It's funny to go into a science library and find half the books on climate change are about the impending "global ice age"
A lot of people think that the 1960's and 70's were a time when "global cooling" was being pushed by the scientific community. Despite a handful of popular media articles, this really wasn't the case. The classic climate dynamics papers from that era talk about how rising anthropogenic CO2 would likely overcome the recent cooling trend.
In fact, what is incredible about those papers is the prescience shown by the authors... and if you take the time to read them (and that's something I highly recommend for anyone interested in doing their own background research) you will find that the issues that these scientists were discussing in their papers are the same issues that many skeptics bring up today... as if they are fresh criticisms. They are not. And contrary to popular opinion, global warming - not global cooling - was a bigger concern among the scientific community during the 1960's/70's.
You will notice that even by the 1960's, climate scientists were aware of the contribution that volcanoes, solar activity and other natural phenomenon were playing in climate change.

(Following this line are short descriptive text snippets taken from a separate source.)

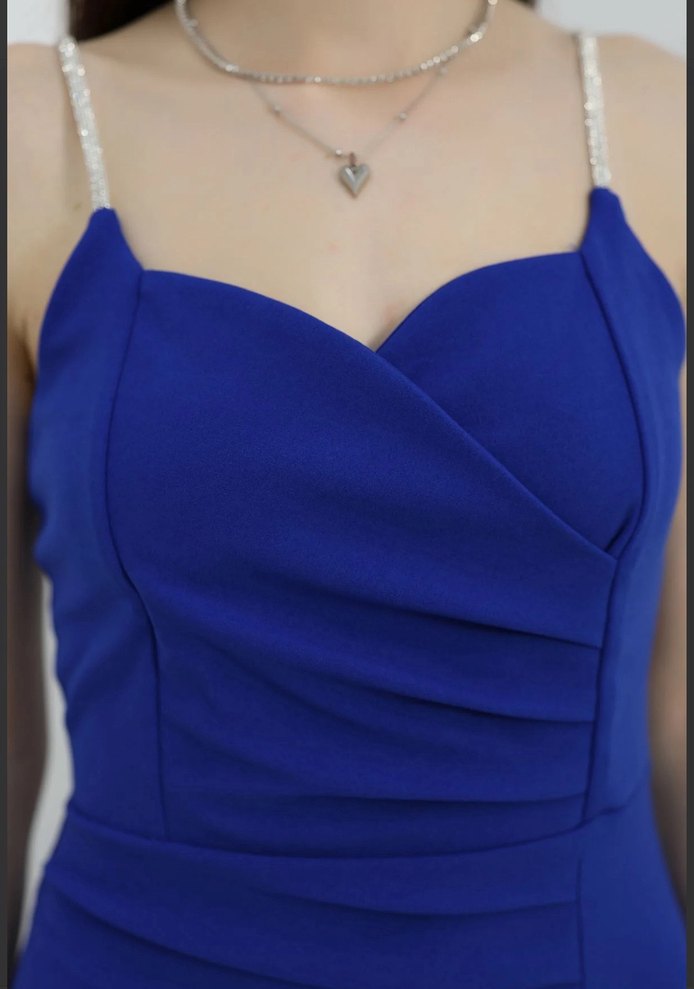 Mavi Drapeli Mini Abiye Elbise - Görsel 4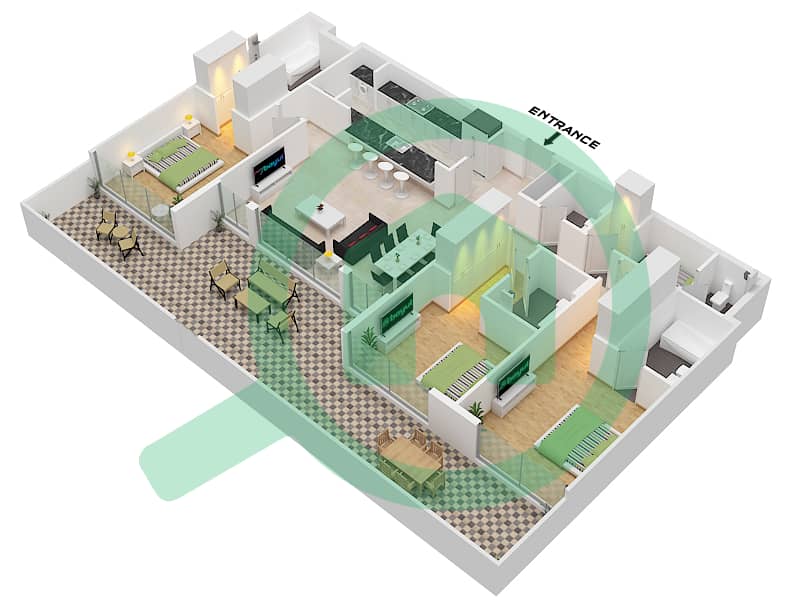 桑葚2号大厦B2 - 3 卧室公寓类型／单位T1G / A-9,A11戶型图 Block A
Type T1G
Unit A-9,A-11 
Ground Floor interactive3D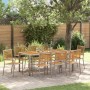 Conjunto de Comedor de Jardín 9 pcs Gris y marrón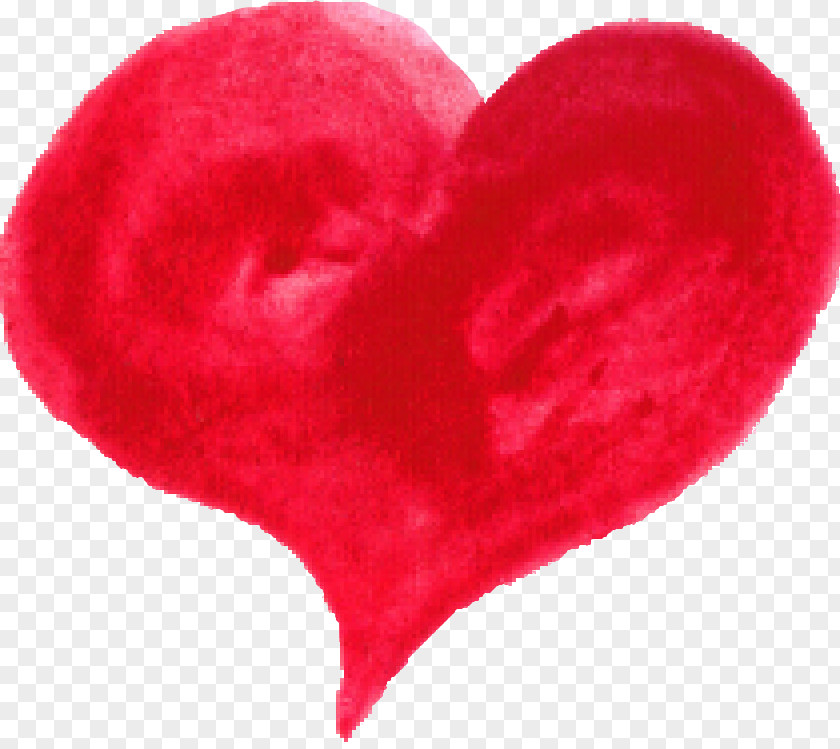 Watercolor Heart Painting Red PNG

The public is still trying to catch up to what most scientists knew over 40 years ago.
The articles are relatively easy to read to boot...
- Sawyer, 1972 (Nature)
"Man-made carbon dioxide and the 'greenhouse' effect"
http://www.nature.com/nature/journal/v239/n5366/abs/239023a0.html
- Budyko, 1969 (Tellus)
"The effect of solar radiation on the climate of the earth"
- Sellers, 1969 (J. Applied Met.)
"A global climatic model based on the energy balance of the earth atmosphere system"
(I can scan in PDFs of Budyko and Sellers if you can't get electronic access to them through your school).